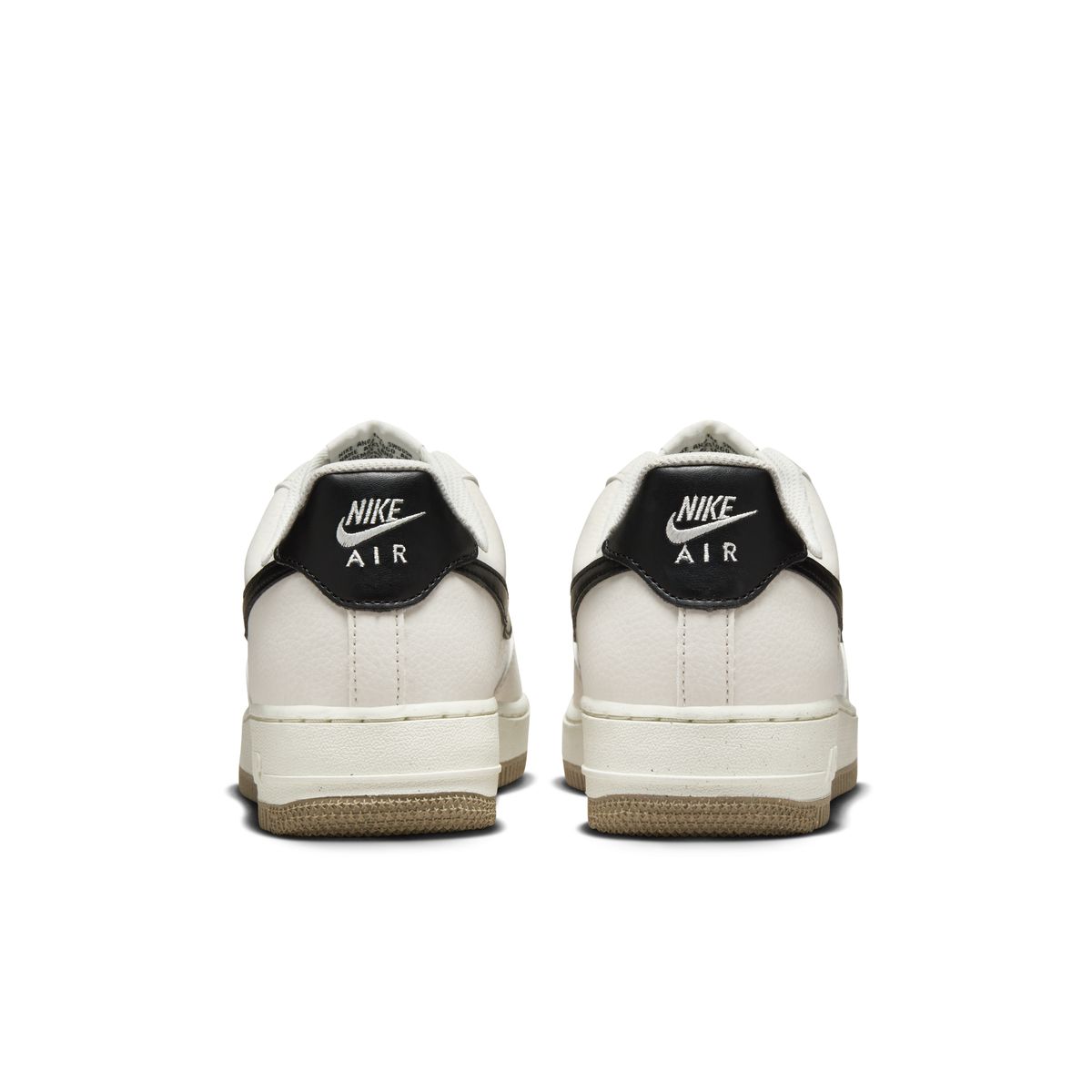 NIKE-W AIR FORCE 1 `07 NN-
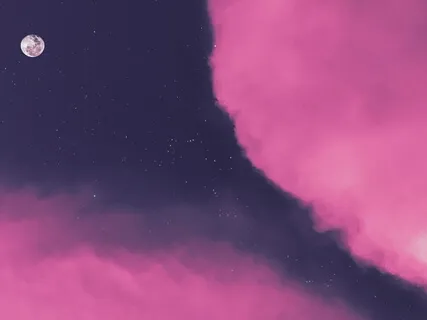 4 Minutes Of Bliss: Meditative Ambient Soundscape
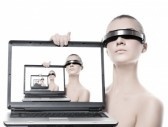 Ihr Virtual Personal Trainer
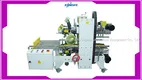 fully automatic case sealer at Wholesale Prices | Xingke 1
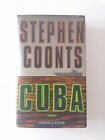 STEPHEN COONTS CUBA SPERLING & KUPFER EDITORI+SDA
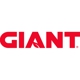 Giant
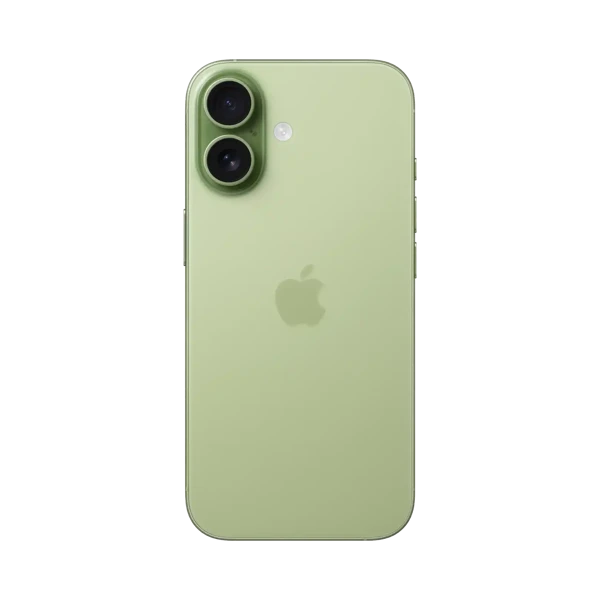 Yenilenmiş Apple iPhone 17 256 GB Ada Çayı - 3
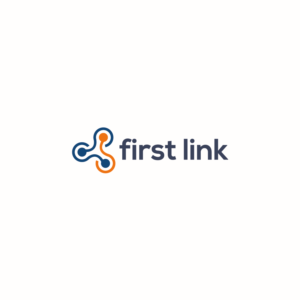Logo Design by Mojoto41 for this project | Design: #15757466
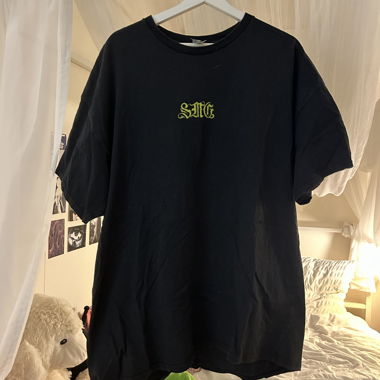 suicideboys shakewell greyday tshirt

· · · ·

Copy the lines from the line that contains "STEPHEN COONTS CUBA" through the end of the records, exactly and with nothing added; leave the pictures out.

Answer box:
 STEPHEN COONTS CUBA SPERLING & KUPFER EDITORI+SDA
 Giant
 Yenilenmiş Apple iPhone 17 256 GB Ada Çayı - 3
Logo Design by Mojoto41 for this project | Design: #15757466
 suicideboys shakewell greyday tshirt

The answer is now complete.